Expanding & Empowering
Northwest Minnesota Foundation joins the Initiators Fellowship, expanding support for social entrepreneurs to 53 Minnesota counties and six tribal nations.
By Bob McClintick | Photography by Michael Schoenecker
When Rachel Stone applied for the Initiators Fellowship back in 2019, the founder of P’s & Q’s Etiquette, which serves Moorhead-area students, had her doubts that she had the stamina—and the right stuff—for an intensive two-year social enterprise program.
Fast forward, and the 2020-2021 Fellow will tell you that mustering the courage to apply was the best thing she could have done for her and the elementary, middle and high school students she guides in leadership skills, resilience, goal-setting and conflict resolution.
“The Initiators Fellowship program has been amazing,” Stone said. “Whatever you think you lack, they are here to support you. The training, the activities, the cohort, the people that surround you … for a long time I felt like I was alone out here. But I feel such support having this program, and I know that this is exactly what I needed.”

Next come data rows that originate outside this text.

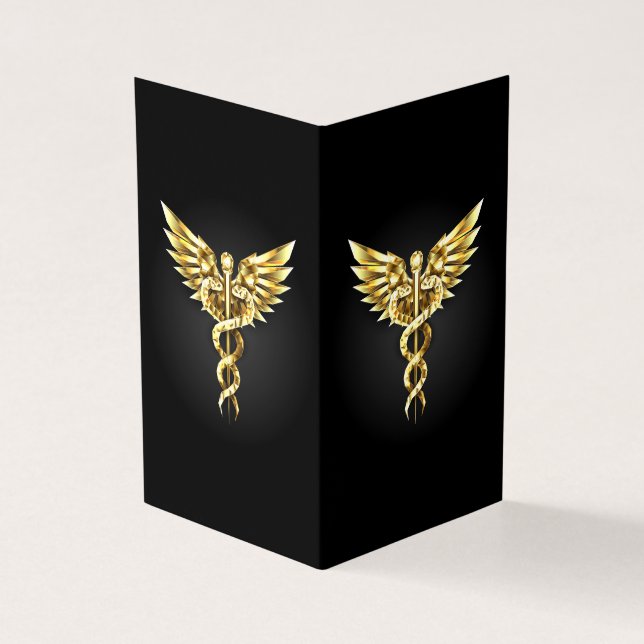 Gold Polygonal Symbol Caduceus (Outside)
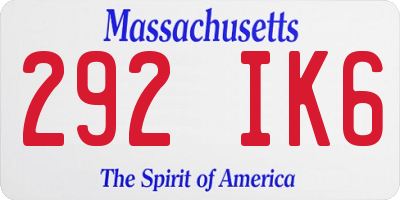 MA license plate 292IK6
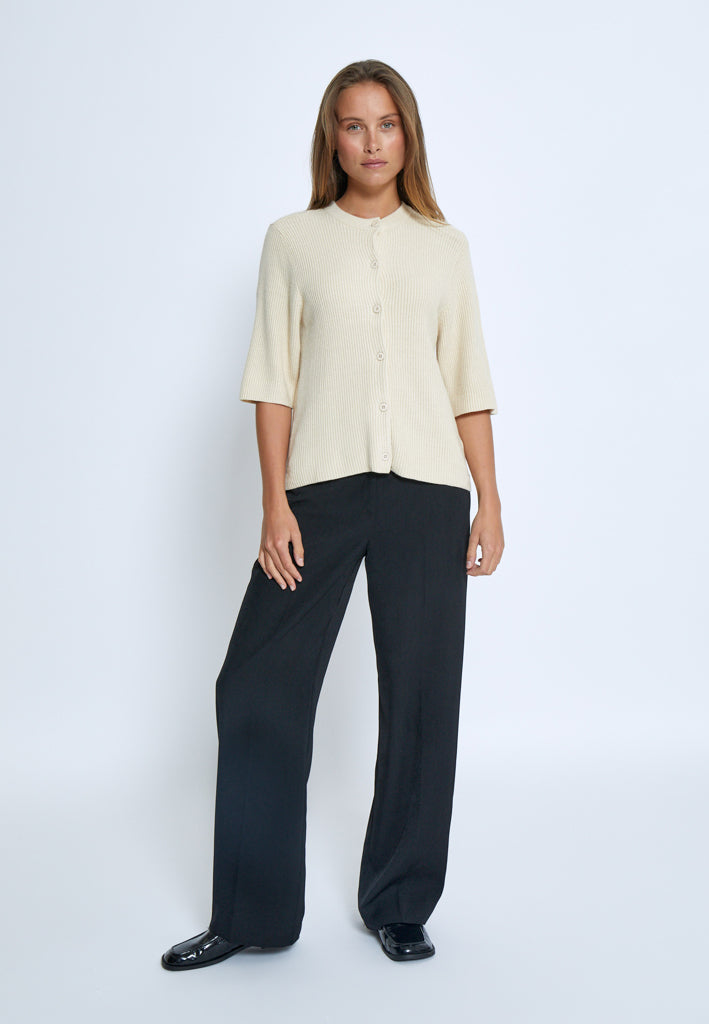 Desires DSDelta Short Sleeve Knit Cardigan Cardigans 0024 Buttercream White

Stone and her six peers are in the final year of the 2020-2021 Fellowship, which currently includes the regions served by three Minnesota Initiative Foundation: the Initiative Foundation in Central Minnesota, Southwest Initiative Foundation and West Central Initiative. The Initiators Fellowship Program is an innovative leadership development opportunity that provides two years of intensive mentorship, cohort learning and a $30,000 annual stipend to promising entrepreneurs who are on a mission to solve social challenges through the marketplace.
As Stone and her cohort move toward completion of the program, the Initiative Foundation and its partners are ramping up recruitment efforts for the 2022-2023 cohort, which will expand to the Northwest Minnesota Foundation region.
“We are excited to bring this unique opportunity to Northwest Minnesota,” said Michael Neusser, vice president for operations at the Northwest Minnesota Foundation. “We know our region has many social entrepreneurs working to make a difference in our communities, and this is just one more way that we’re able to support them in that mission.”
The expansion allows the program to serve eight Fellows—two from each region—drawn from an area that includes 53 counties and six tribal nations, or a full two-thirds of Greater Minnesota.
“It’s my hope—and a broadly shared dream—that 10 years from now, in 2030, we will look back across the 2020 to 2030 timeframe and celebrate five groups of successful and diverse social entrepreneurs,” said Rick Bauerly, a trustee of the Initiative Foundation and founder and CEO of Granite Partners, a St. Cloud private investment and holding company that has invested more than $4 million in direct financial support and stock donations in support of the Fellowship. The program also is supported by a seven-year, $1.4 million investment from the Bush Foundation and ongoing support from Sourcewell, a key Central Minnesota partner of the Initiative Foundation.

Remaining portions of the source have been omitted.